Why did players go to Lincoln?

Many current and former players told USA TODAY Sports they went to Lincoln for the same reason: A chance to play against the Division I teams listed on its schedule.

In 2023, the Oaklanders played eight FCS teams, including four Historically Black Colleges and Universities (HBCUs). The schedule was a focal point of Lincoln coaches’ recruiting pitches, players said. Some viewed it as a stepping stone.

“I was using the school to get the film I need to get out of there,” long snapper Etem Ulusan said.

Kicker/punter Steven Earnest said he was on the roster at Point University, an NAIA school, last year when a coach from Lincoln called during fall camp and offered him a scholarship.

He said he had never heard of Lincoln before but figured he was better off kicking against Division I schools than those in the NAIA.

“I’m pretty sure the schedule is what got everyone here,” Earnest said. “The only thing is I don’t really know how they get the schedule, because you saw, we get smoked every game.”

The Oaklanders went 0-12 last season and have won just three of their 33 games.

Why do NCAA programs schedule teams like Lincoln?

Ivey acknowledged that he didn’t know much about the Oaklanders when he scheduled them in 2021. All he knew is that they would fit a need. The Lumberjacks had just switched conferences and needed a home game on a specific date that would count toward their final record.

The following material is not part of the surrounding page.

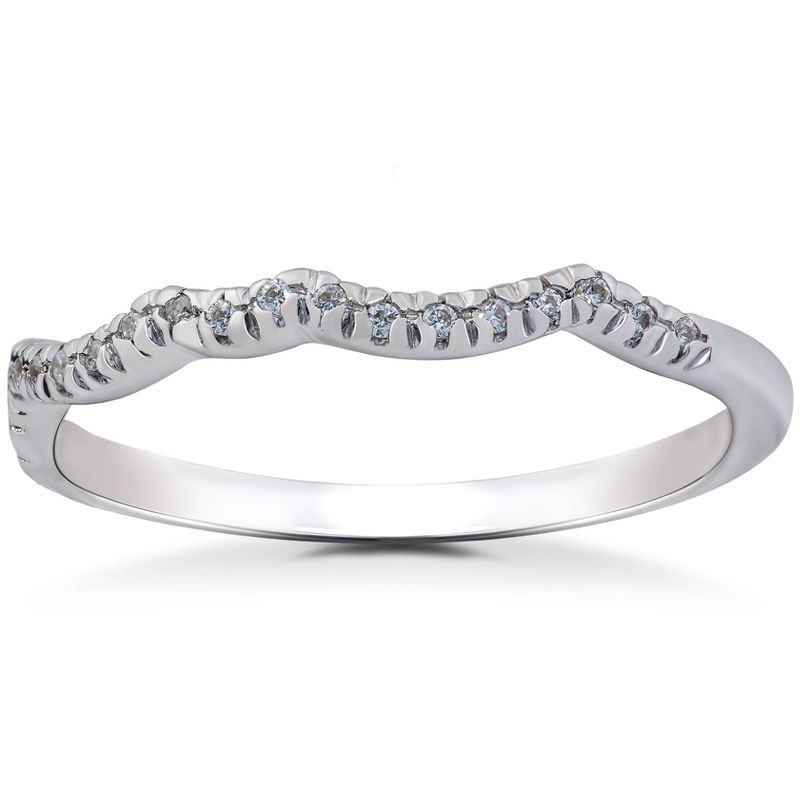 Pompeii3 1 1/6ct Diamond Infinity Engagement Wedding Ring Bridal Set 14K White Gold, 2 of 6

“The challenge with football scheduling is these games are scheduled years in advance,” Ivey said. “We needed to fill a game so we were able to fill it with them.”

Western Oregon athletic director Randi Lydum said Lincoln first reached out to her in 2021 about scheduling a game in the fall. She knew it would be a home game, and likely a win.

Located in Monmouth, Oregon, the Division II Wolves sometimes struggle to schedule home games because their home stadium is more than an hour's drive south of Portland and they can’t offer a large payout to visiting teams, Lydum said. But they offered to pay for Lincoln’s bus trips to and from the Portland airport and one night of hotel rooms at a nearby Hampton Inn.

Western Oregon won that first game, 55-16, then scheduled Lincoln again in 2022 and 2023 – two more wins. It is the only school to schedule the Oaklanders every year.

“I guess it’s kind of the same thing as if some of the big D1 (teams) schedule schools like us,” Lydum said.